*Exercise goal:* The output is the line containing "Goyardine Double Travel Watch Case" plus every later line down to the end of the listing below, copied exactly. No pictures belong in it.

*Supplied information:*
'''

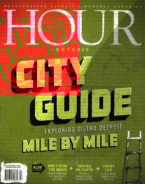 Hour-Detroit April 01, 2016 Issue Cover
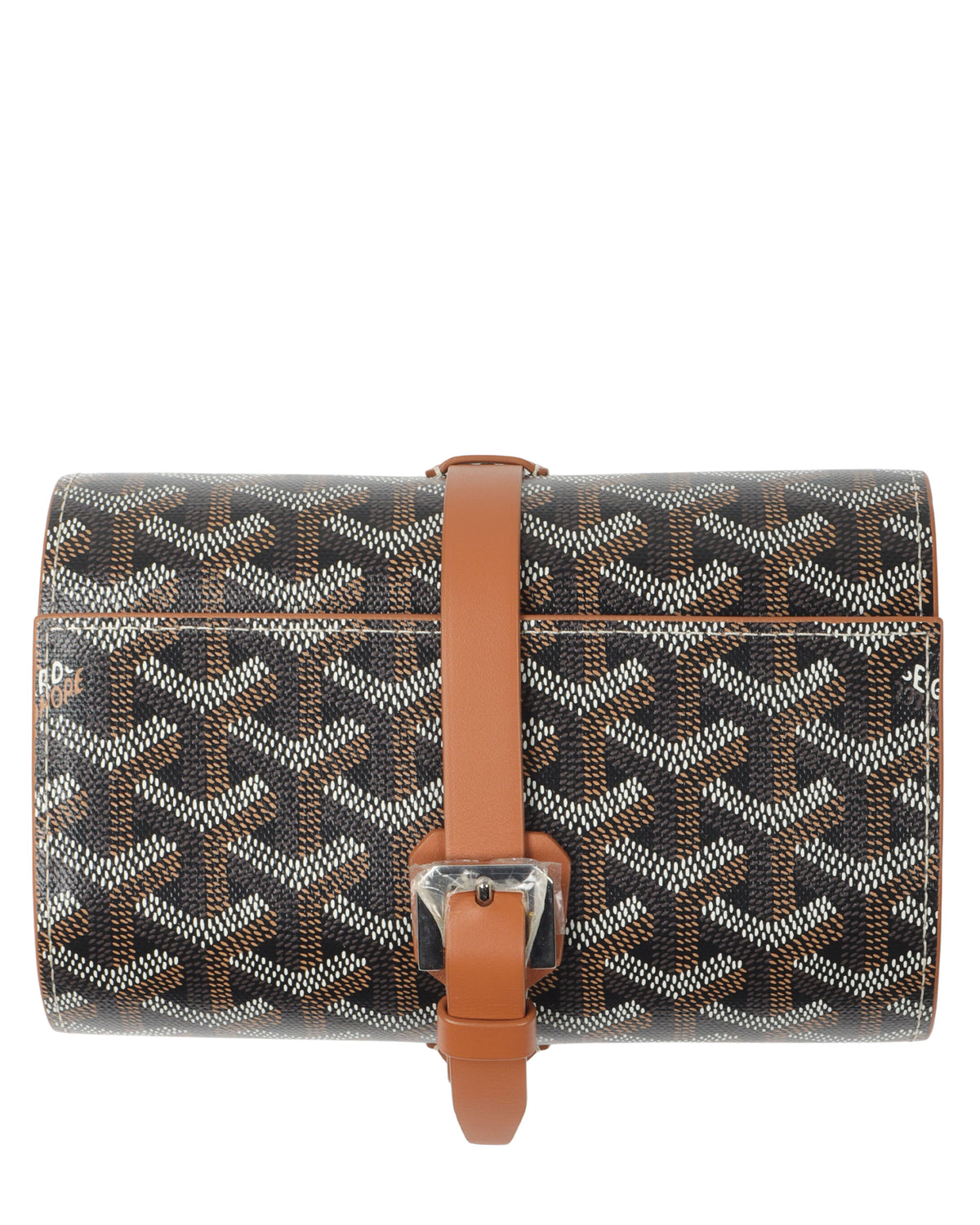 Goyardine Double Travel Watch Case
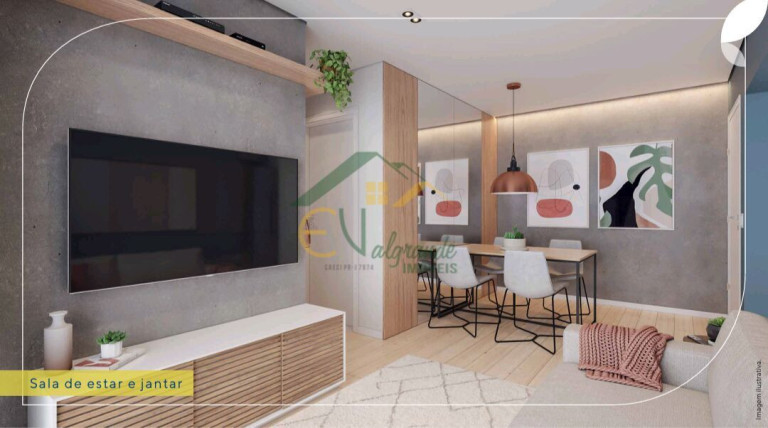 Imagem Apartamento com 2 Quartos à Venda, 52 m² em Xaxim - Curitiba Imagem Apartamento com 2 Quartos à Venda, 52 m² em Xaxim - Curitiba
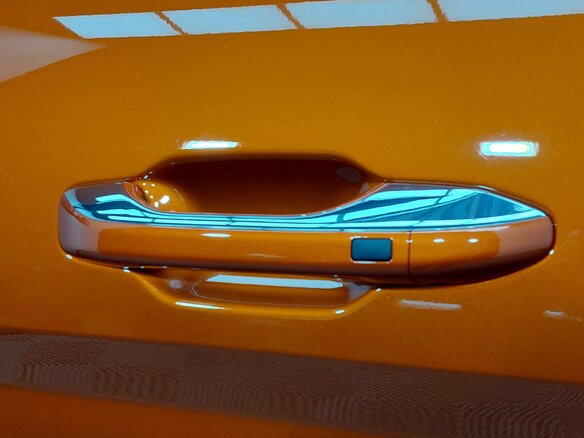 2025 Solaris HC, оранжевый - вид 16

'''

*Solution to the exercise:*
 Goyardine Double Travel Watch Case
 Imagem Apartamento com 2 Quartos à Venda, 52 m² em Xaxim - Curitiba Imagem Apartamento com 2 Quartos à Venda, 52 m² em Xaxim - Curitiba
 2025 Solaris HC, оранжевый - вид 16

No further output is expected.